Task to complete:
Retype the records below exactly as they appear, but leave out any pictures.

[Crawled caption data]
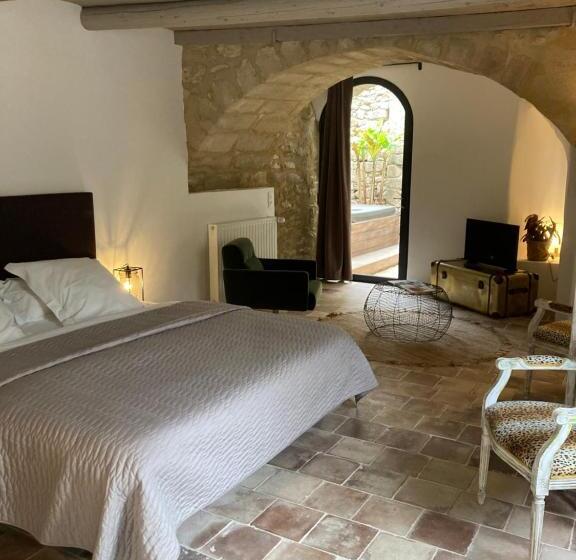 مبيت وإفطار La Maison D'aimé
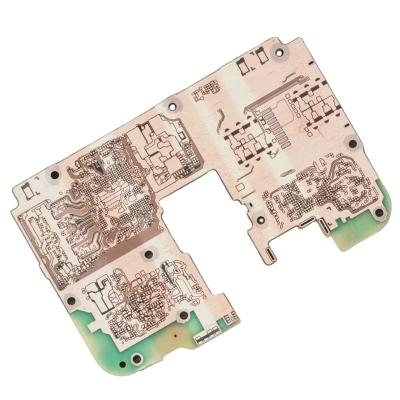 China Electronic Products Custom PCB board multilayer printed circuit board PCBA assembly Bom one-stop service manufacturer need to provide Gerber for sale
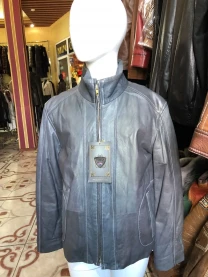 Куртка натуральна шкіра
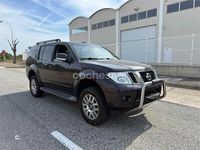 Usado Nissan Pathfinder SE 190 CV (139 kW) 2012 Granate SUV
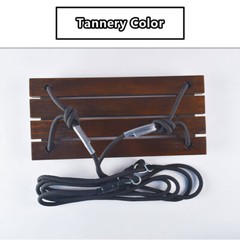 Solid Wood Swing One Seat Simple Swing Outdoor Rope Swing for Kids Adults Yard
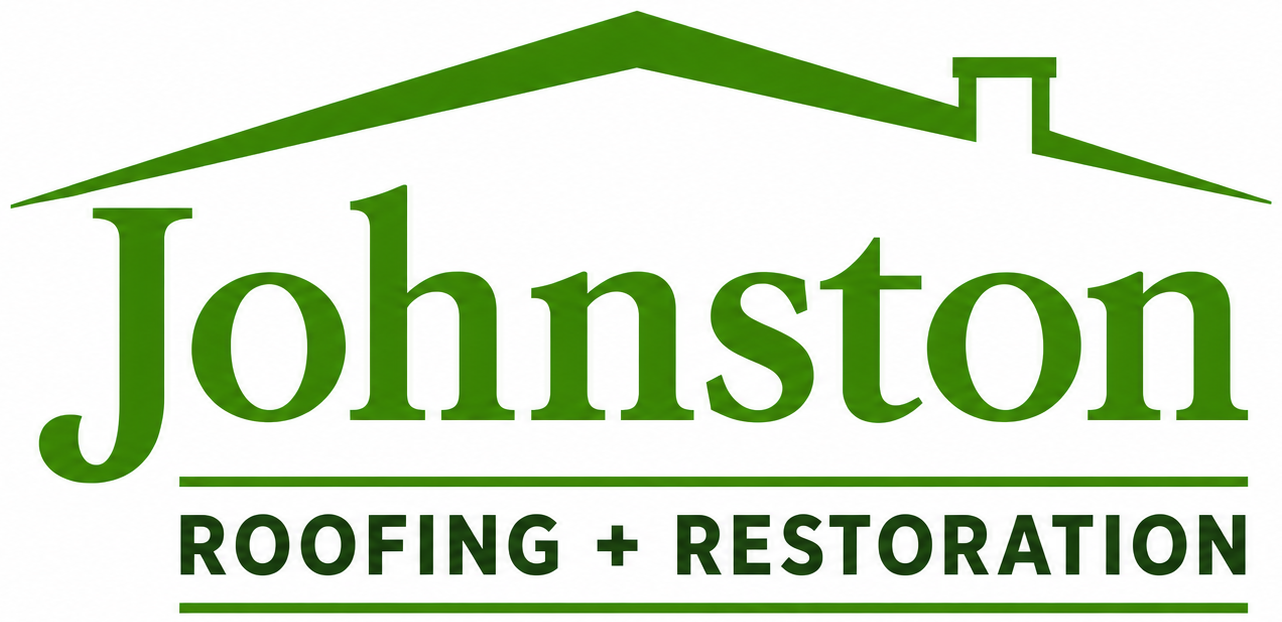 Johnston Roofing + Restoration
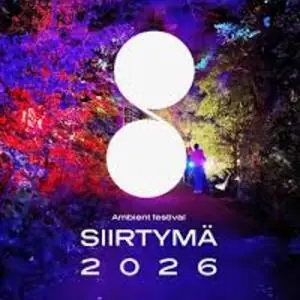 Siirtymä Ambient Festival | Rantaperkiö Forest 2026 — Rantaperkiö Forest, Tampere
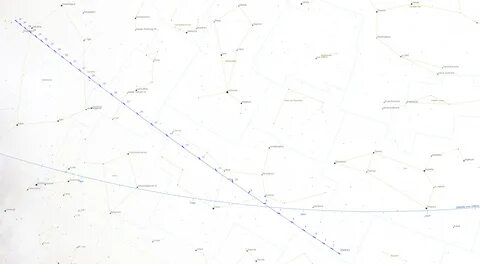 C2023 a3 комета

Solved problem:
 مبيت وإفطار La Maison D'aimé
 China Electronic Products Custom PCB board multilayer printed circuit board PCBA assembly Bom one-stop service manufacturer need to provide Gerber for sale
 Куртка натуральна шкіра
 Usado Nissan Pathfinder SE 190 CV (139 kW) 2012 Granate SUV
 Solid Wood Swing One Seat Simple Swing Outdoor Rope Swing for Kids Adults Yard
 Johnston Roofing + Restoration
 Siirtymä Ambient Festival | Rantaperkiö Forest 2026 — Rantaperkiö Forest, Tampere
 C2023 a3 комета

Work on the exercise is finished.